Taxation Without Representation

Taxation Without Representation

Description image by Kathryn Chan Trudeau Scholar, Oxford University.
  • First Posted: Mar 04 2010 00:04 AM
  • Updated: 3 months ago

The government's budget proposals may be treated as law for years without ever being approved by Parliament.

There has been a lot of talk of late about the need to rejuvenate our democracy and rebuild Canadian confidence in our political process. This being budget week, I would suggest that we begin that process by addressing a troubling trend in the Canadian tax system: namely, the long-term implementation of fiscal measures that have never been enacted into law.

Every year, as part of the budget, the government announces proposed changes to the Income Tax Act that are made effective immediately, despite the fact that they are merely proposals. Eventually (or so the theory goes), the proposed legislative changes will be enacted and made retroactive to the date of the budget. Until that time, the amendments are not legally binding, but taxpayers almost invariably choose to comply with them on the understanding that they will soon be enacted into retroactive law.

At first glance, this seems to represent a considerable compromise in our commitment to the rule of law and its assertion that the law should be certain, prospective, and publicly declared. For one thing, new tax laws, once enacted, are generally made applicable to prior taxpayer conduct. For another, there is always a period of some duration when the government's fiscal decisions are effective and effected, despite the fact that they are not law. Strictly speaking, this is taxation without representation, at least until Parliament acts.

For a variety of reasons, however, these formal violations of the rule of law are ones that we accept. Why? The first big reason is that the rule of law is not the only value on the table - both the government and the public have an interest in preventing individual taxpayers from rearranging their affairs in a way that undermines the government's tax policy. This would be very difficult to achieve without the element of surprise that characterizes the federal budget.

However, I think the other reason we accept the budget process and the various ways it infringes on the rule of law is that we consider those infringements to be formal, limited, or otherwise justified. We accept the compromise to the ideal of prospectiveness because the Supreme Court of Canada has confirmed that Parliament can enact valid retroactive tax laws.
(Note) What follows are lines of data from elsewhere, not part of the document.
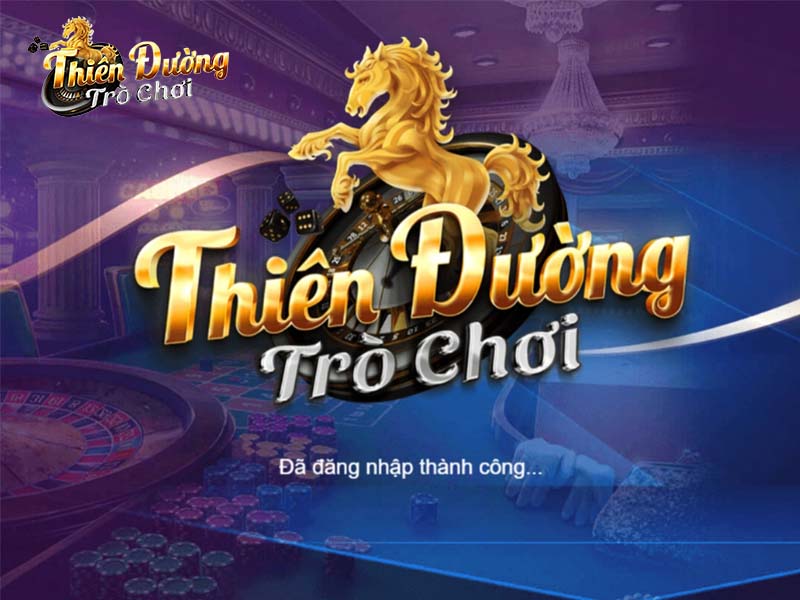 Cách đăng ký thành viên Thiên Đường Trò Chơi chi tiết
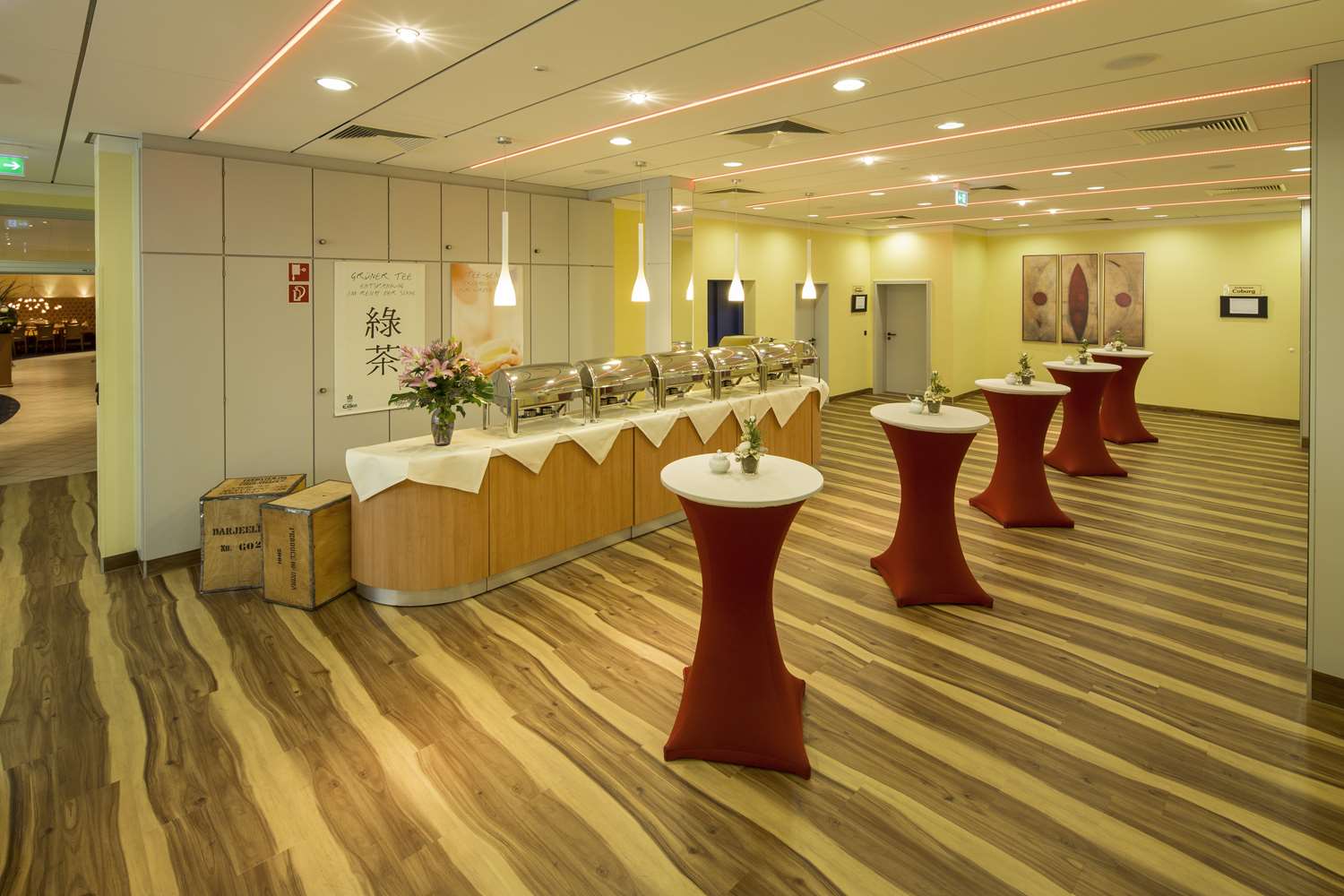 Best Western Plus Hotel Steinsgarten 17/31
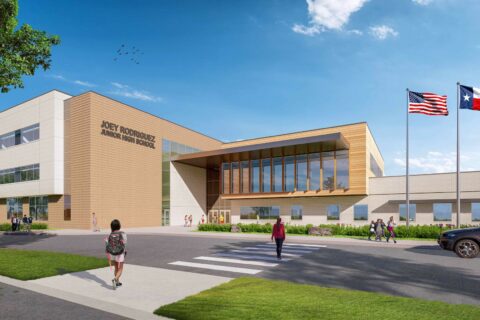 J Rod-Rendering copy Rodriguez Junior High
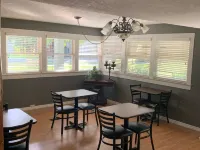 Nature Coast Inn and Cottages - 3-Star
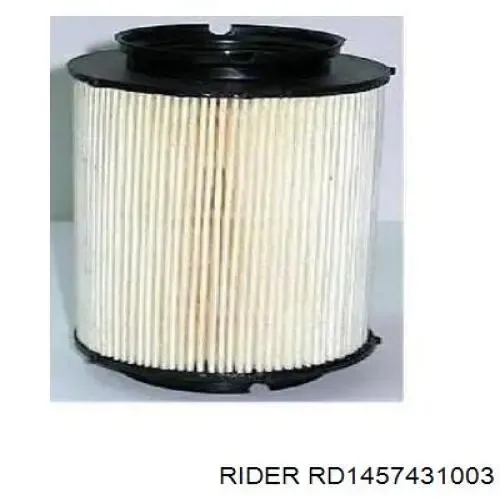 Топливный фильтр RD1457431003 Rider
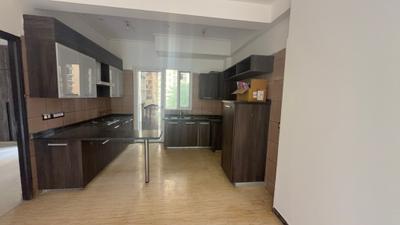 Kitchen Image of 1659 Sq.ft 3 BHK Apartment / Flat for sale in Dasnac The Jewel, Sector 75 Noida for Rs. 25000000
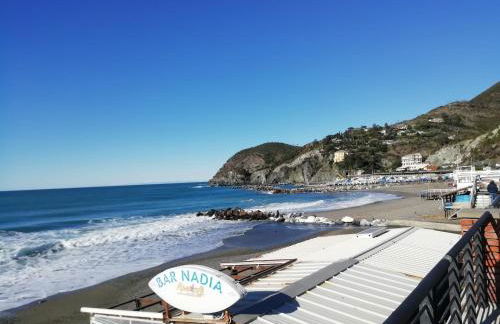 CASA LORENZO SULLE COLLINE DI LEVANTO e VICINO ALLE CINQUETERRE LT-0620 - Foto 41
We accept the compromise to the ideal of legal publicity because publicity is achieved in substance when the budget announcement is made. And we accept the compromise to the ideal of legal certainty because we take it on faith that the government will soon enact the promised legislation and so we consider it not particularly unreasonable or burdensome to be asked to comply with it immediately.

Sound justifications for the budget process? Likely so. However, they quickly begin to break down when the government fails to enact the proposed measures in a timely fashion. For as the legislative gap becomes more and more prolonged, the eventual enactment of the legislation becomes less and less certain, and it becomes increasingly unreasonable to ask taxpayers to assume that the government's proposed fiscal measures will in fact become law.

Lest the problem seem terribly abstract, let me provide a current example of this type of delay.

In December 2002, the minister of finance released proposed amendments, which would introduce “split-receipting rules” into the Income Tax Act's charitable donation regime. Essentially, the rules state that a gift is not void just because the donor receives a benefit from the donee, and establish a procedure for calculating the “eligible” amount of the gift for tax purposes. The amendments represent a major change to the laws governing gifts in the common law provinces, and a major change in administrative practice for the entire country.

Seven years after the minister's announcement, the split-receipting rules are firmly entrenched. The Canada Revenue Agency has published guidelines elaborating the situations in which they apply. Charitable organizations have created and distributed millions of receipts containing the prescribed information. Academics and practitioners have delivered papers addressing how they should be interpreted and applied. And yet - seven years, three Parliaments, and seven parliamentary sessions later - they still have not been enacted into law.

Lay blame where you will - the repeated prorogations of Parliament, the complexities of legislating in a jurisdiction where there is more than one legal system, the general approval of the policy, and the lack of political interest in the charitable sector have all likely played a part in delaying the enactment of the rules.

Whatever the cause, the effect on our democracy is the same - with every passing year that this “unenacted law” is administered by the Canada Revenue Agency and given legitimacy by the sector, our commitment to the rule of law and the parliamentary process gets a little more tenuous.

As budget day 2010 approaches, the question bears repeating: How long should taxpayers reasonably be expected to assume that the government's proposed fiscal measures will in fact be enacted into law?

My own view is that seven years is too long. And my guess is that most Canadians would agree.